Behavioral Finance Through Time: Tracing the Past, Analyzing the Present, and Forecasting the Future in the Age of AI
DOI:
https://doi.org/10.7492/j1wnxv89Abstract
This paper traces the evolution of behavioral finance from classical economic assumptions of rational agents to the integration of psychological insights that highlight biases and heuristics in decision-making. It then examines how the rapid rise of artificial intelligence (AI) is reshaping the field, particularly in investment contexts. While AI promises precision and freedom from human emotion, the persistence of human oversight raises questions about whether biases will be eliminated or simply transformed.

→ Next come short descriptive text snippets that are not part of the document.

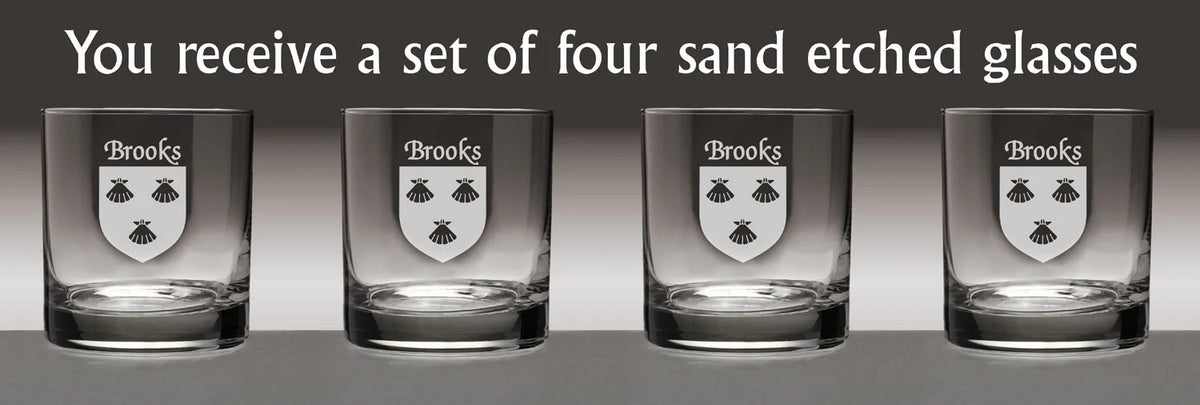 Irish Coat of Arms Tumbler Glasses Set of 4 P149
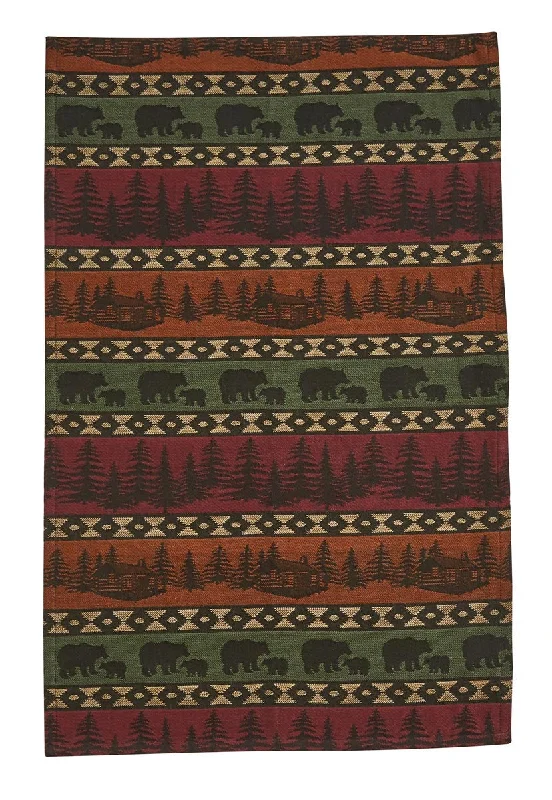 Mountain Bear Jacquard Dishtowel Set of 3  Park Designs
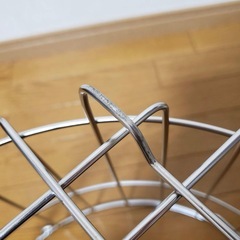 【廃盤品】　無印良品 ステンレス ランドリーバスケットの画像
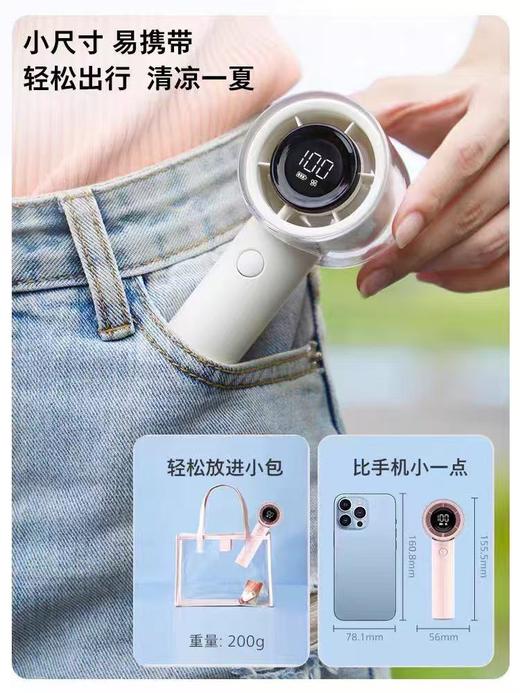 【7F】飞利浦 手持风扇16H长续航100档超高速大风力USB充电迷你便携小风扇ACR3242 商品图8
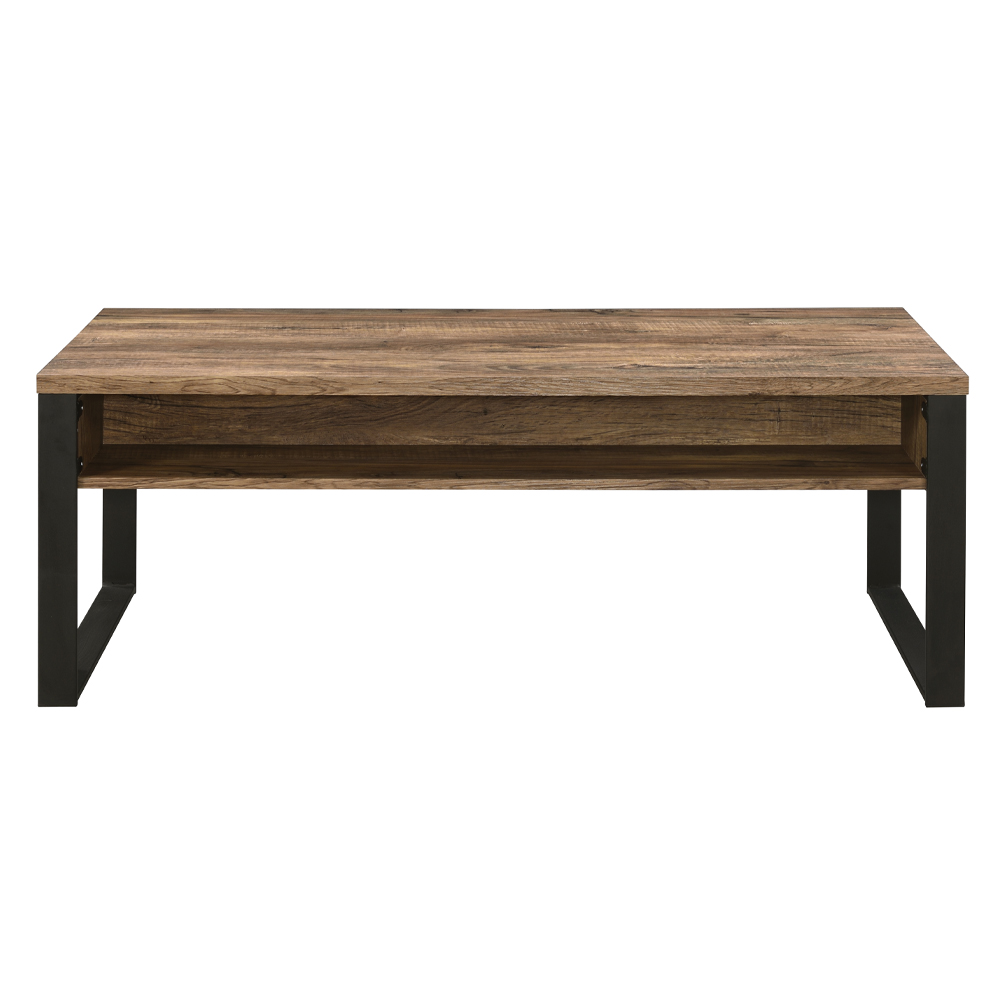 ACME - Aflo Coffee Table in Weathered Oak/Black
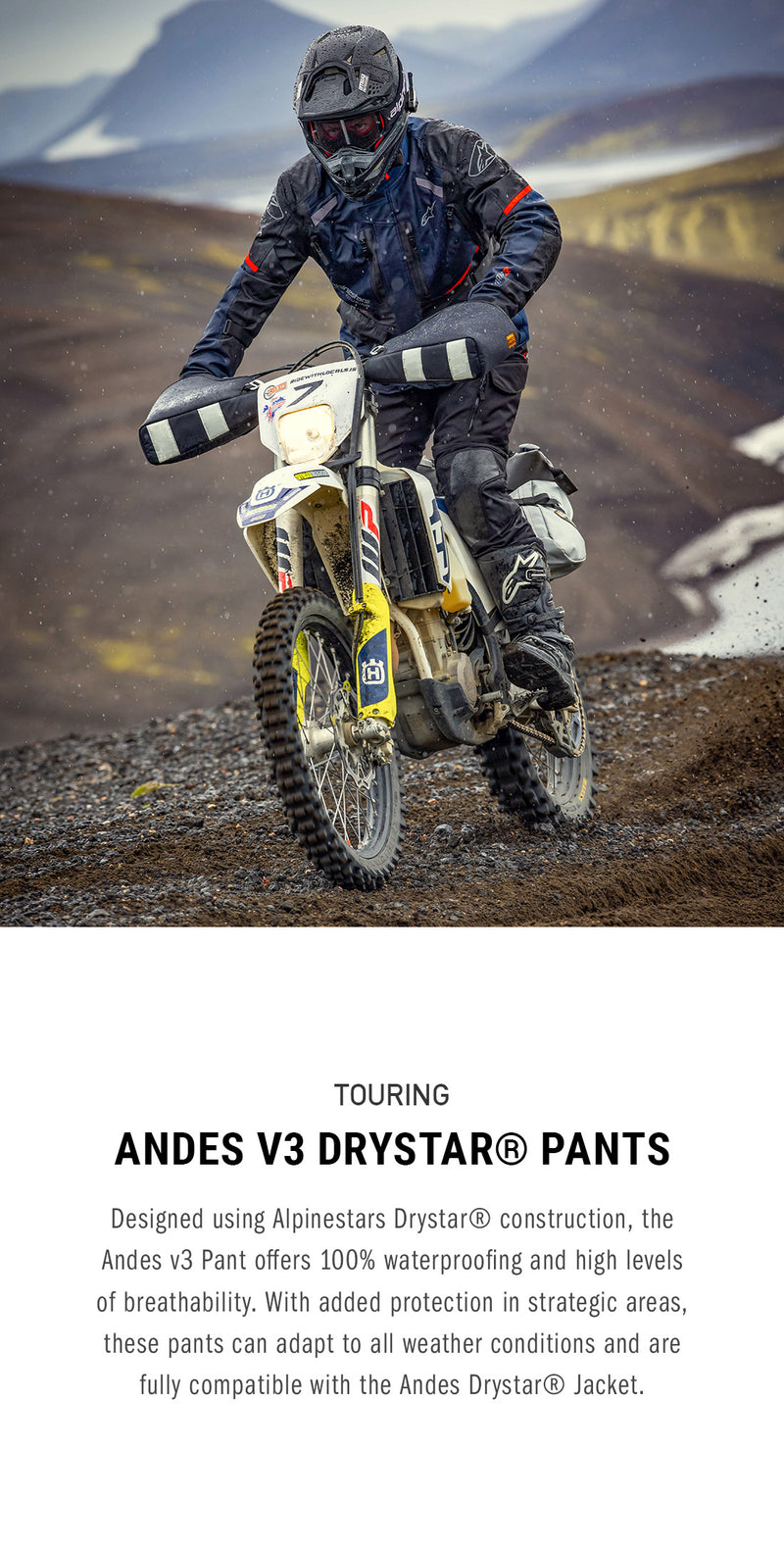 Alpinestars Racer Semi 2023 Motocross Pants - Black / MultiColors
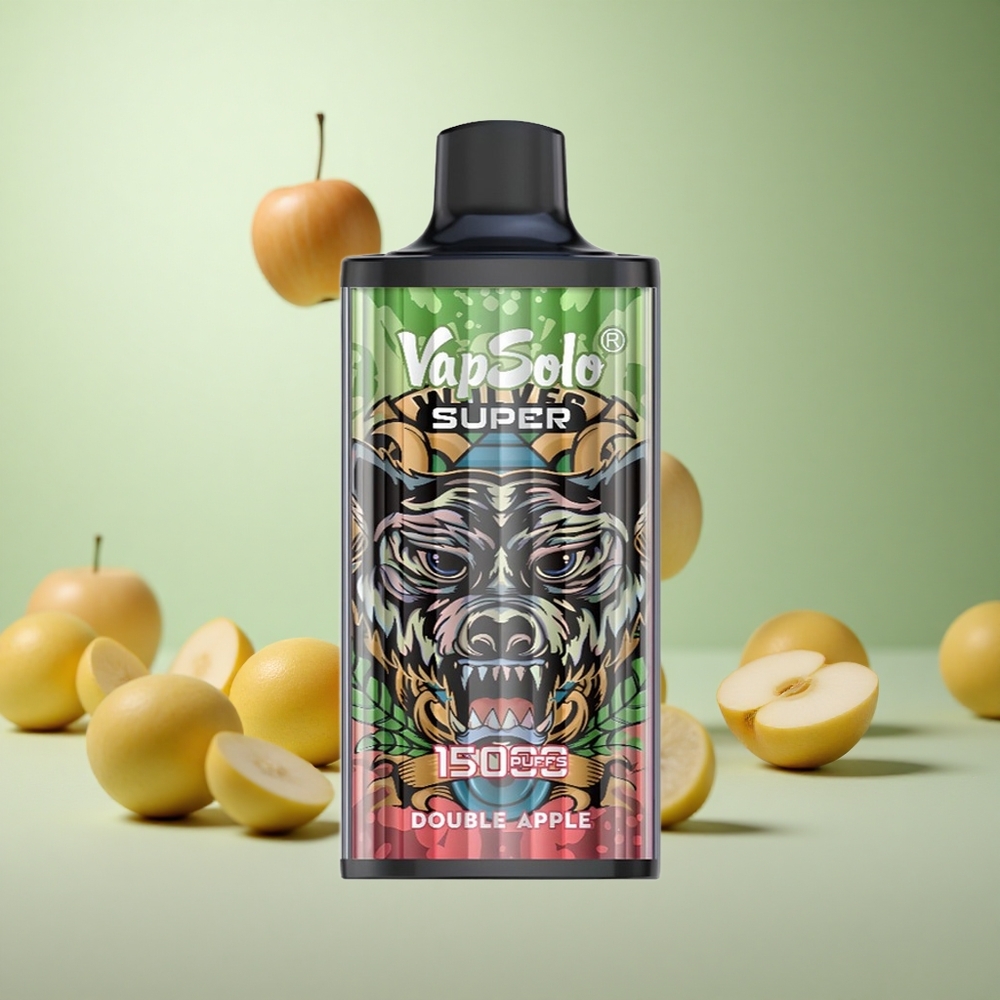 Vapsolo Super 15000 Puffs Διπλό Μήλο Greece vape wholesale 40ml 850mah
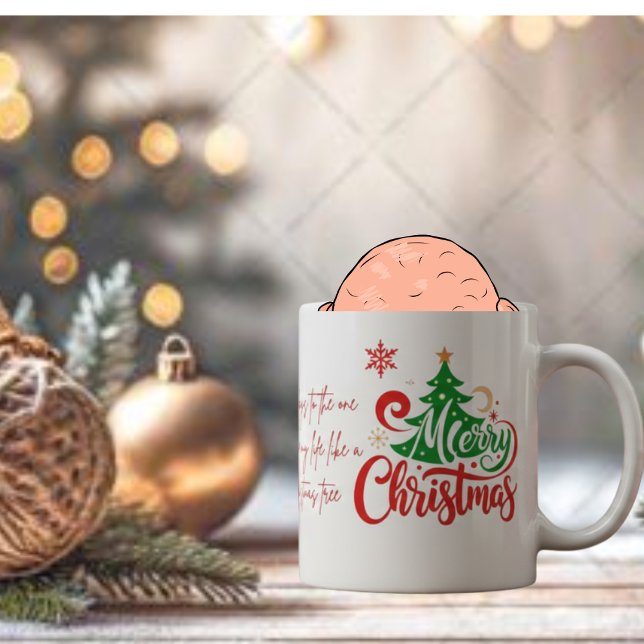 Merry Christmas Mug with Romantic Quote (Creator Uploaded)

Drawing on survey data from 379 Indian investors across three age groups, this study explores attitudes toward AI-driven financial decision-making. Using regression and nonparametric analyses, we find that investors demonstrate conditional trust in AI: they are willing to follow AI recommendations when backed by a proven track record, but remain reluctant to rely on AI exclusively. Notably, higher familiarity with AI reduces unconditional acceptance, suggesting that informed investors approach AI with greater caution.
The findings highlight the emergence of meta-biases—cognitive patterns that arise when humans evaluate or intervene in machine-generated decisions—signalling that behavioral finance will continue to evolve rather than disappear in the age of AI.